[PROVIDED DATA — start]

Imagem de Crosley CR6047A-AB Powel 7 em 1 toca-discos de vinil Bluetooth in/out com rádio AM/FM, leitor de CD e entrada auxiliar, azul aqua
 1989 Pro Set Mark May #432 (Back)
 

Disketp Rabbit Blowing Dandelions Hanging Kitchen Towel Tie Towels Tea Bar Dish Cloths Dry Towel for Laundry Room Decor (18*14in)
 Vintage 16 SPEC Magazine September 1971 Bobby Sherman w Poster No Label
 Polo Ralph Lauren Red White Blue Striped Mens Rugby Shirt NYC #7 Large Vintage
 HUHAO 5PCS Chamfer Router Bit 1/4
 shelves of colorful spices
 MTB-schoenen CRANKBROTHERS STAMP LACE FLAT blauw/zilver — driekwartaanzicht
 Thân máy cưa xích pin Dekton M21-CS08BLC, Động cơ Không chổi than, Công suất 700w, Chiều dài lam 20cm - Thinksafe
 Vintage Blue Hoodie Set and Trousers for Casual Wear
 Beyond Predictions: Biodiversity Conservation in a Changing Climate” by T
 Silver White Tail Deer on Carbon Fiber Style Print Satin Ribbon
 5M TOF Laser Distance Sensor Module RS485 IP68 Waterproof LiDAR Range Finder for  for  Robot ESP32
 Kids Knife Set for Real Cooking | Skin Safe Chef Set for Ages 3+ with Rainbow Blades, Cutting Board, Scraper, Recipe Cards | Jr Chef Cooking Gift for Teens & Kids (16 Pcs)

[PROVIDED DATA — finish]

Wherever a line of the data above contains "White", copy that line.

 Polo Ralph Lauren Red White Blue Striped Mens Rugby Shirt NYC #7 Large Vintage
 Silver White Tail Deer on Carbon Fiber Style Print Satin Ribbon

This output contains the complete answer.